Mallarmé's desire to do likewise and to compose poetry evocative of the ideal world is only implicit in this poem, but in three sonnets that together form a single poem (written, in all probability, in 1866, although not published until 1887), he describes much more personally a spell of intense creative effort, lasting from dusk until dawn, although it ends in failure. In the first sonnet, "Tout Orgueil fume-t-il du soir" (Just as the sun sets proudly behind the clouds at evening), the flame of fresh inspiration does not leap, as he had hoped, from the ashes of his abandoned, traditional kind of poetry; in the second sonnet, "Surgi de la croupe et du bond" (Surging up from the rounded base and rising flank), no rose springs from the vase that he imagines himself to be; in the third sonnet, "Une dentelle s'abolit" (A lace curtain becomes invisible), his creative faculty, symbolized by the two images of a bed and a mandolin, fails to give birth to a new kind of poetry.
Mallarmé's correspondence from this period helps to explain his ideas. In a letter dated July 1866 he proclaims: "Je suis mort et ressuscité avec la clef de pierreries de ma dernière cassette spirituelle.

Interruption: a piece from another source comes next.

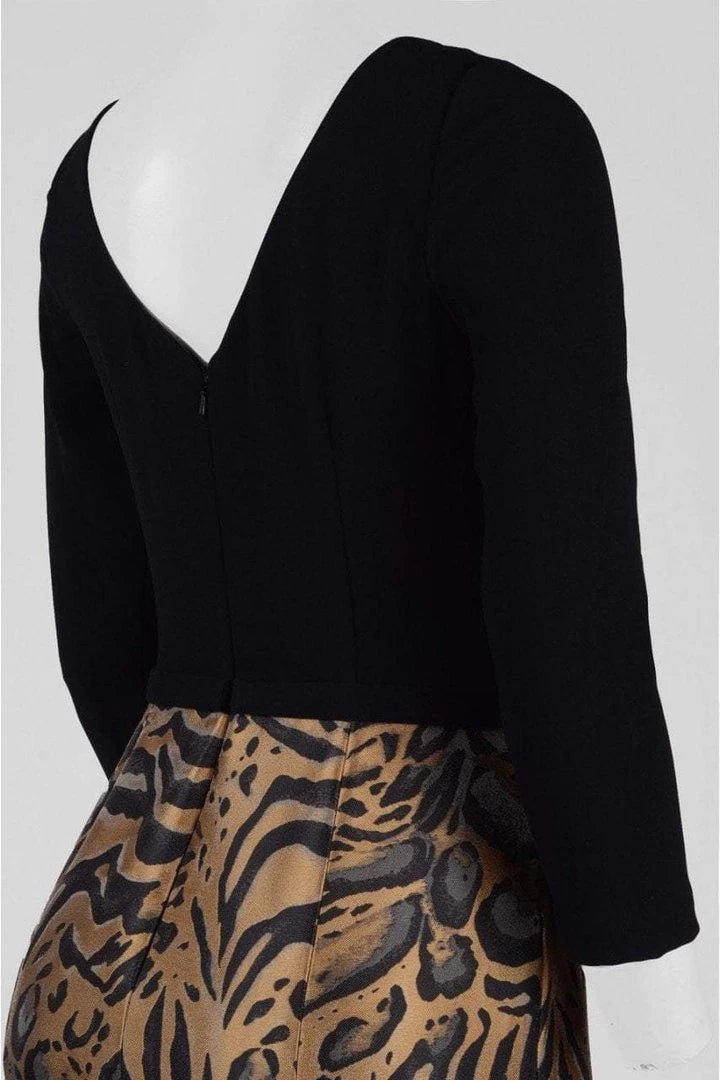 Theia - 882946 Animal Print Trumpet Dress 4 Theia - 882946 Animal Print Trumpet Dress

A moi maintenant de l'ouvrir en l'absence de toute impression empruntée" (I have died and have come to life again with the precious key to my final spiritual casket. It is now my task to open it without the aid of any borrowed impressions). This idea of not being dependent on impressions made by material objects, of being truly creative in the sense of no longer merely describing something that already exists, is further developed in another letter written in May 1867, in which Mallarmé contends that he has become simply a kind of prism through which the light from the ideal world is refracted and transformed: "Je suis maintenant impersonnel . . . une aptitude qu'a l'univers spirituel à se voir et à se développer à travers ce qui fut moi" (I am now disembodied . . . simply a means whereby the spiritual world can be made perceptible and can develop through what once was me). It is worth noting that in both of these letters, especially the first one, Mallarmé, either by accident or design, makes of himself a Christlike figure, which further suggests he is concerned not with the material but with the immaterial world.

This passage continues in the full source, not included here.